It is no surprise that the Strickland administration’s fears of Mr. Fagundes as a political threat have come to fruition. Mr. Fagundes has received the endorsement of every police officer association that has endorsed any candidate for District Attorney, including Hanford, Lemoore, Corcoran, Avenal, and the Correctional Peace Officers. On the other hand, Mr. Strickland has the endorsement of his own current employees -- that is, the ones who haven’t left, and the replacements of those who did, hired by the Strickland administration. But who can blame them, given they have witnessed what happens to anyone perceived as a political enemy at their workplace?

I first moved to Kings County when I was active-duty military at NAS Lemoore and stayed for nearly ten years because I cared about the community and its values. I loved working as a prosecutor for the People and law enforcement officers of Kings County. If not for the election of 2010, I would have perhaps stayed in Kings County for the rest of my life.
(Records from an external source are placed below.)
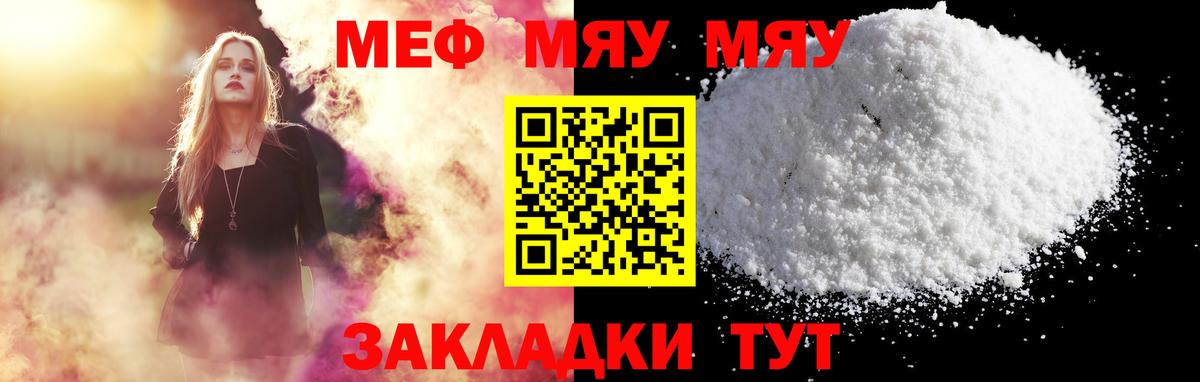 МЕФ 4 MMC  Вход с VPN  Северск  МЕФ кристаллы 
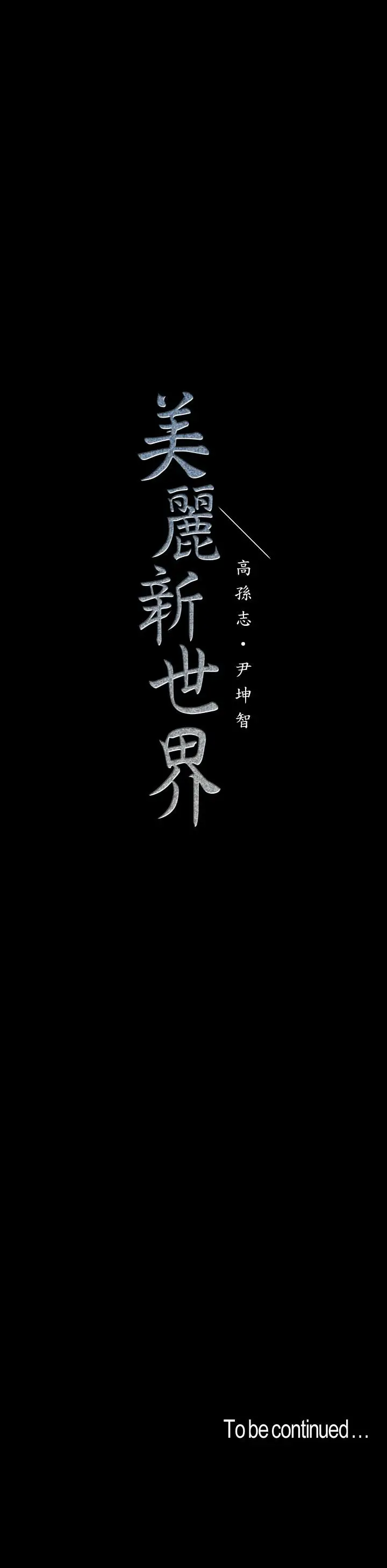 美丽新世界[顶通]韩漫全集-第73話-身體和心靈都很坦率的書潾无删减无遮挡章节图片 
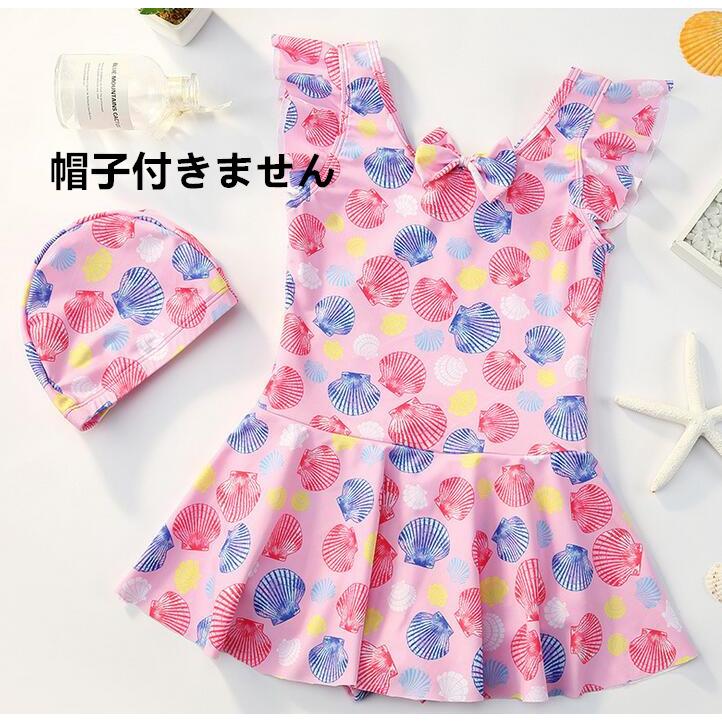 あす楽も対応できます 帽子付きません キッズ 水着 ワンピース ジュニア みずぎ 女児用 スクール水着 スイムウェア 子供水着 女の子水着 71 Amoll 通販 Yahoo ショッピング
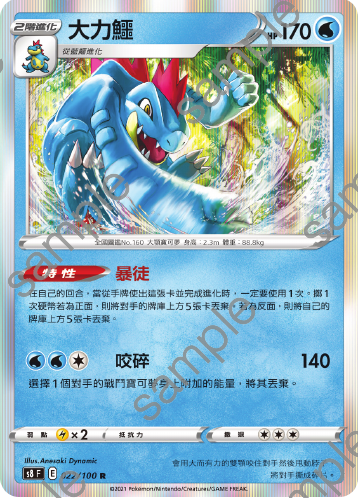 S8F 022/100 Crocodile R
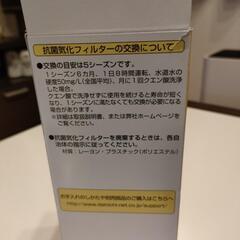 ダイニチ加湿器フィルターの画像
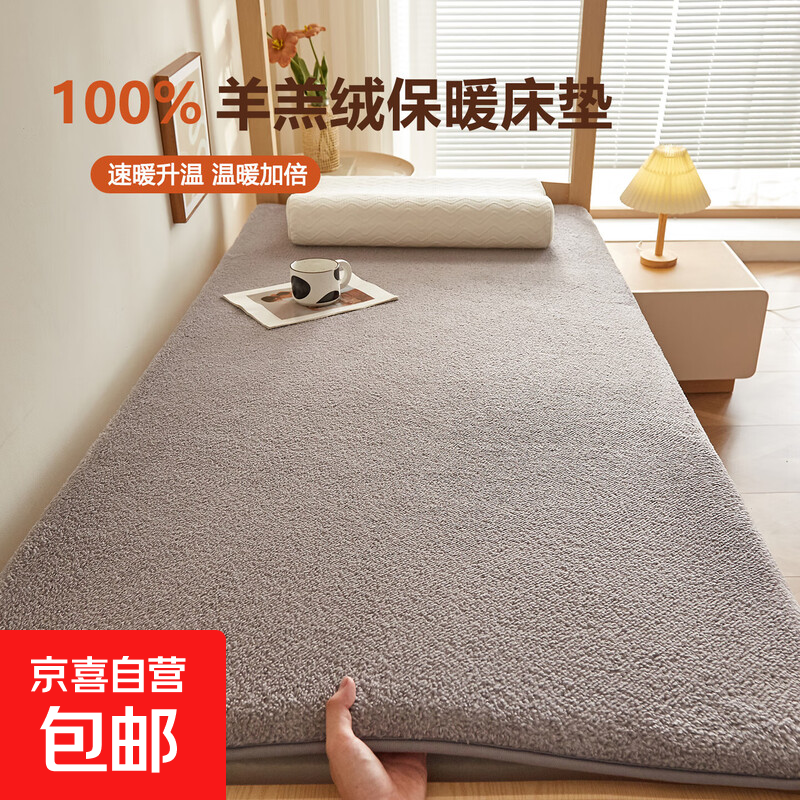 �Ӻ�����޴��涬�������̵�������ѧ�����ᵥ�˼������ҿ��۵� ��ϫ�ҡ�������� �Ӻ�ů�� 120*200cm������ 56.16Ԫ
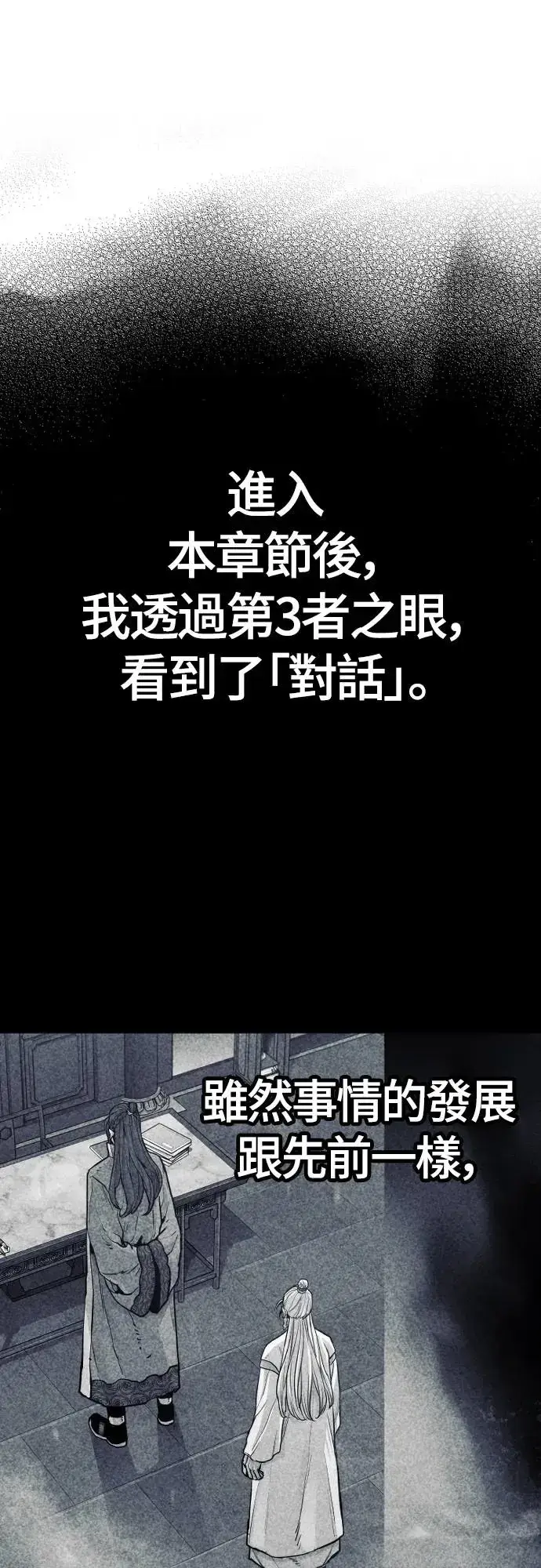 漫画《天魔育成》第103话第43张图
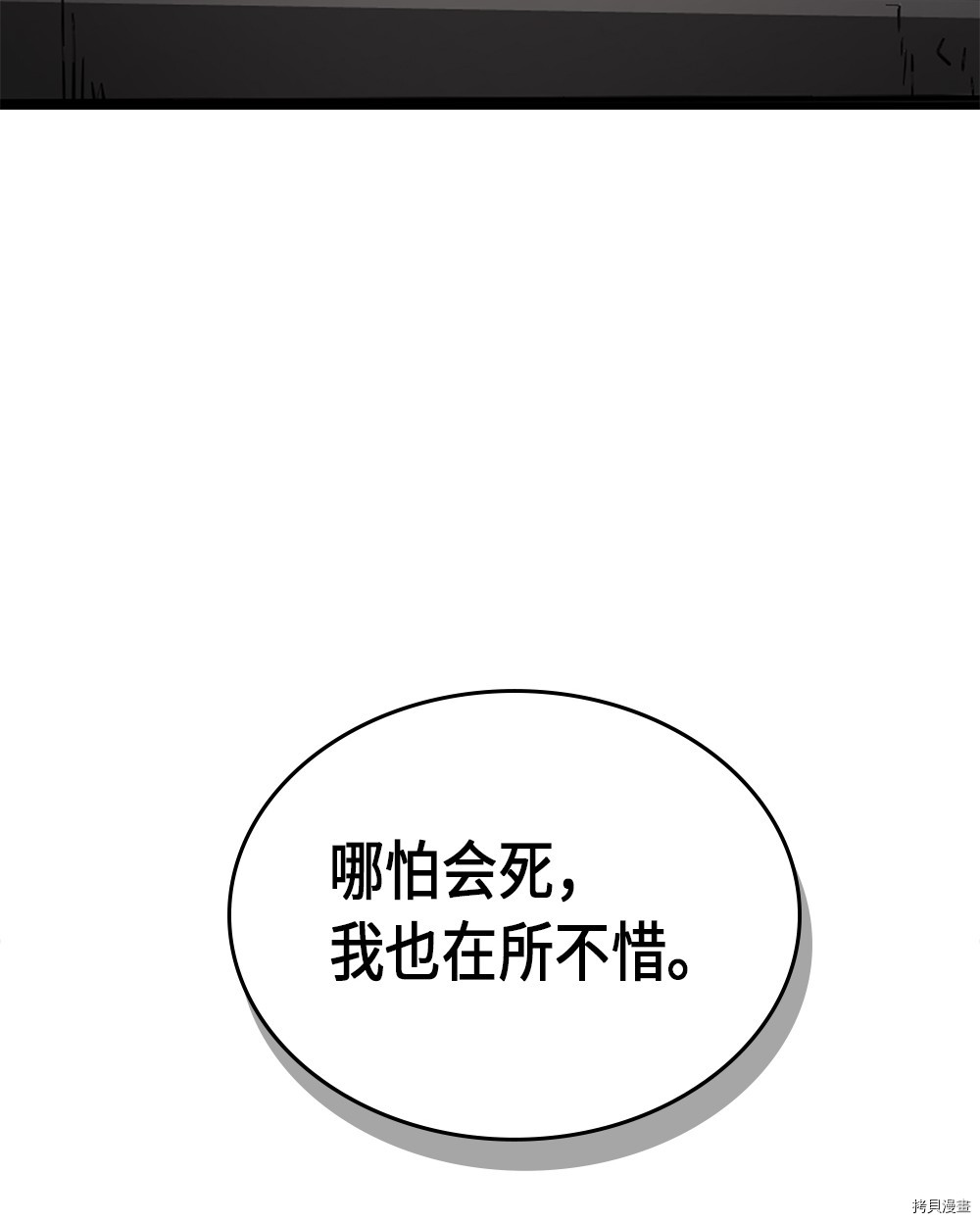 归还者的魔法要特别[拷贝漫画]韩漫全集-第61话无删减无遮挡章节图片 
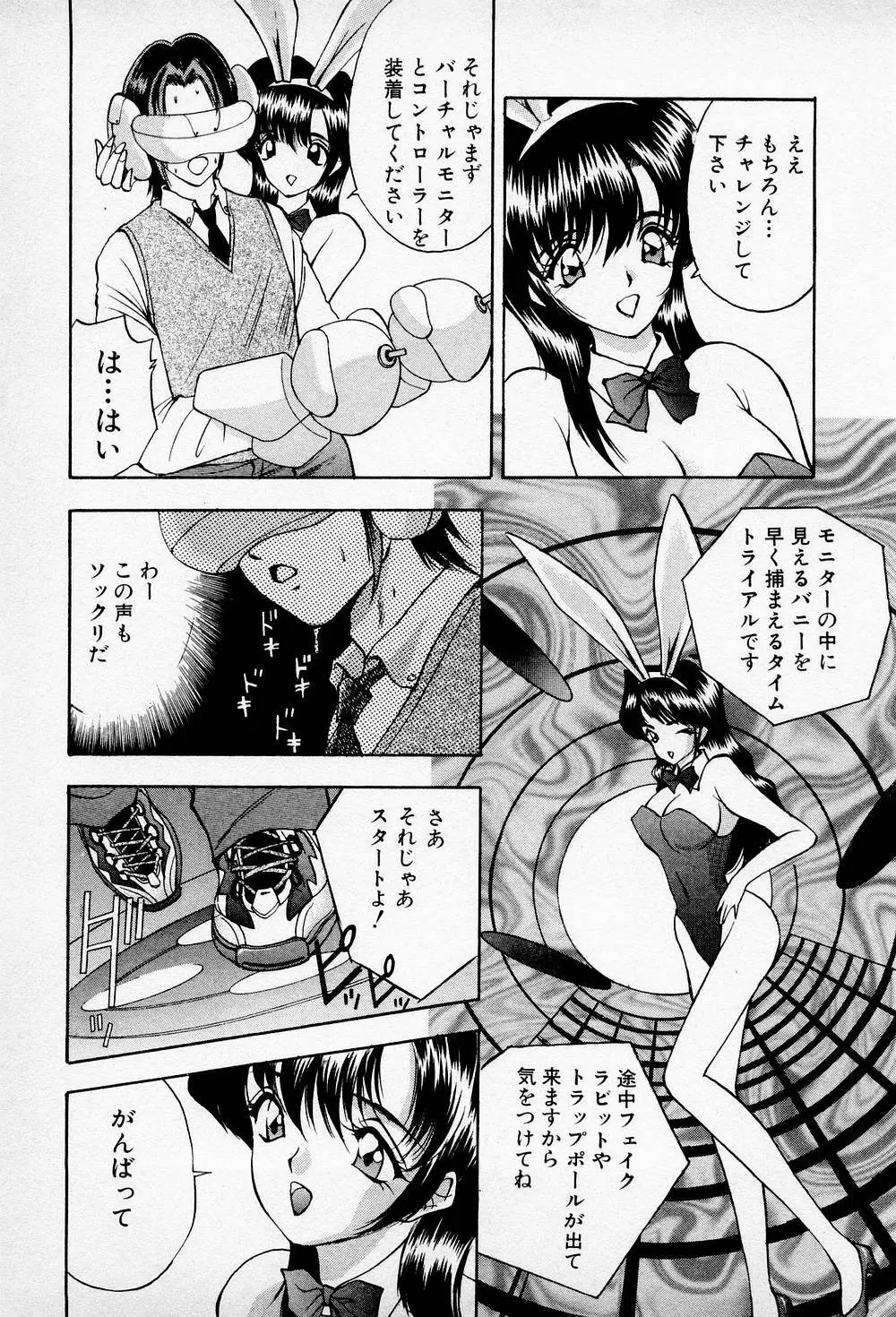 まみこのトリップ・パラダイス 5 Page.67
It is my sincere belief that the voters of Kings County made a grave mistake in 2010. If those same voters care about making their community safe and seeing that justice is done when offenders violate the law, this year’s election is an imperative choice between an administration fueled by personal vendettas and ruthless ambition, and the promise of one that will restore true leadership, public integrity, and the respect of law enforcement to the prosecution of criminals. I hope the voters won’t make the same mistake twice.